By Dave Andrusko
There was never any doubt that once prenatal screening becomes nearly universal that it would not only be babies diagnosed with Down syndrome who would be “terminated” in massive numbers.
Denmark, along with Iceland and South Korea, are among the nations that promise to be “Down syndrome free by 2030.”
And they are well on their way. According to Claire Chretien, Carsten Søndergaard, the Danish Ambassador to Ireland, wrote to the Irish government that “In 2016, there were four children born in Denmark with Down’s syndrome after prenatal diagnosis.”
Four.
Now, according to MedPage Today’s Ashley Lyles
Fewer children are being born with major congenital heart disease (CHD) as more of these pregnancies are terminated now that prenatal screening is widespread in Denmark, a population-based study showed.
Before 2004 when prenatal screening was offered only to women with high-risk pregnancies, barely one-half of 1% of babies diagnosed with a major CHD were “terminated,” Lyles reported.
However, according to a report in JAMA Cardiology written by Rebekka Lytzen, PhD, of Copenhagen University, and colleagues, now that screenings are universal (and free), 39.1% of babies diagnosed with a major CHD are aborted.
An accompanying editorial and the response solicited by MedPage Today, leaves the reader wondering what this says for American babies.
Lyles writes of the accompanying editorial, “Ethical Implications of Prenatal Screening for Congenital Heart Disease,” written by Dr. Alexander Kon, that
More prenatal detection of CHD through screening is an advantage, Alexander Kon, MD, of the University of California San Diego, noted in an accompanying editorial.

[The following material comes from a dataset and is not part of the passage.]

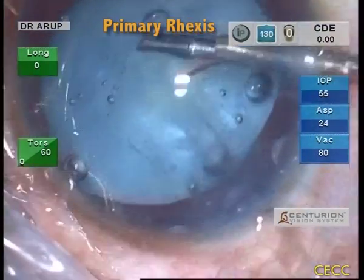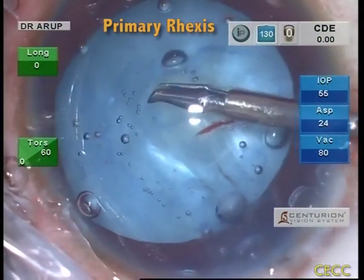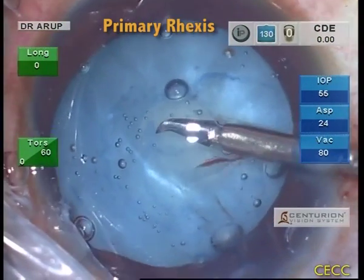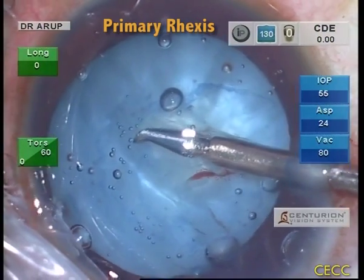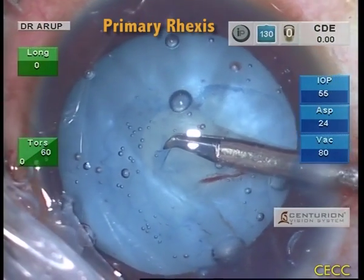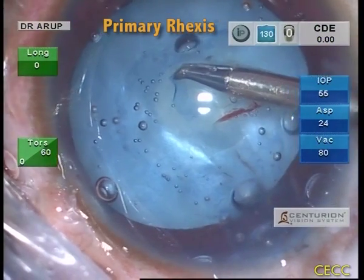Though there was a minor hiccup at some point due to two radial capsular tears occurring during capsular puncture with the cystotome, it was successfully managed. At this point, what we want is a continuous RHEXIS regardless of its size and shape. The surgeon should have full control on how the tear progresses.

Early detection can give families more time for decision making and more control in deciding whether or not to terminate the pregnancy as well as improve surgical outcomes and facilitate excellent neonatal palliative care, he wrote.
But Kon also noted that access to such care is not available to everyone in the U.S., particularly the socioeconomically disadvantaged. For poorer families, he suggested, the decision to carry a pregnancy to term may be especially fraught.
In particular, they may encounter “significant pressure to minimize expensive treatments” from medical professionals who consider TOP to be a more economical option or from their own socioeconomic situation in regions without universal healthcare, Kon noted.
Hani Najm, MD, of Cleveland Clinic in Ohio, who was not involved in the study, told MedPage Today that surgeons have become so good in operating on “complex hearts” that the overall mortality rate is around 1%. So far, so good.
To be fair it is difficult to calibrate Dr. Najm’s further response but there are some ominous undertones.
Lyles writes
Najm agreed there are “ethical questions” when considering “the cost of these surgeries are expensive, the chances that these families and their parents have to come back again frequently to visit the hospitals and maybe two or three operations, [and] the quality of life might not be as normal as other children or other children with simple congenital heart disease.”
These matters are “quite complex and difficult,” therefore, Najm said, “each case should be managed independently of the others, based on the circumstances of the parents and the congenital anomaly itself.
What does this say about “Quality of Life” judgments? What happened to that 1% mortality rate for surgery on these babies? What does it suggest about what hospital personnel might say to lower income parents?
If the rate is up to 39.1% in Denmark (as of 2013), what is it now? What is said to parents that convinces them to abort their babies?
And what is the implication for the United States and families whose unborn babies are diagnosed with major congenital heart disease?